DATA FOR PROCESSING →
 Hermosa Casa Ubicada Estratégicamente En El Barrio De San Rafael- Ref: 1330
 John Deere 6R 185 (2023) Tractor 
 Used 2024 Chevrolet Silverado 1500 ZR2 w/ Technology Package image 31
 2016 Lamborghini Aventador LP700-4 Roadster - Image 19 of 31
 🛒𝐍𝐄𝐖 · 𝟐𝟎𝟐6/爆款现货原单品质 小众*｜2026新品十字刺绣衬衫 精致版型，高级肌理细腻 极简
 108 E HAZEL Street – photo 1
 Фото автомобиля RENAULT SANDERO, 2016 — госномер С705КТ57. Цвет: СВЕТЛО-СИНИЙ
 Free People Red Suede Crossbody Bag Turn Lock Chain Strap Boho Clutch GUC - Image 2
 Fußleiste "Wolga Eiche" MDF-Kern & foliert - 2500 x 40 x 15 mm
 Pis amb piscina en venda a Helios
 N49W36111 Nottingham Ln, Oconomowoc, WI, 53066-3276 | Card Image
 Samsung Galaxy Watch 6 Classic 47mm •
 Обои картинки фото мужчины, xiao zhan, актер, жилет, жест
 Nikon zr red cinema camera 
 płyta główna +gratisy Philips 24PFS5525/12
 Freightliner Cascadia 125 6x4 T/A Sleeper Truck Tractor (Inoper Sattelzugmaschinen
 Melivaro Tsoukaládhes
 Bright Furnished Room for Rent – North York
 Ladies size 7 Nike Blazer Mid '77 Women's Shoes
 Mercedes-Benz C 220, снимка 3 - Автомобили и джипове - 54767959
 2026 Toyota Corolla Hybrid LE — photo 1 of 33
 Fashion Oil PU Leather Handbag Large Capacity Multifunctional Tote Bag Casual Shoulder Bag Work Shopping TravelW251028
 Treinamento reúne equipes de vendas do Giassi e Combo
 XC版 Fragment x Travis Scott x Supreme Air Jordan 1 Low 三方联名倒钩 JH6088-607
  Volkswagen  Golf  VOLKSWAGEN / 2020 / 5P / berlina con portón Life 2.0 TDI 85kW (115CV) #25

EXERCISE →
Where does the word "Tractor" appear in the listing above? Copy every line that holds it.

TASK RESULT →
 John Deere 6R 185 (2023) Tractor 
 Freightliner Cascadia 125 6x4 T/A Sleeper Truck Tractor (Inoper Sattelzugmaschinen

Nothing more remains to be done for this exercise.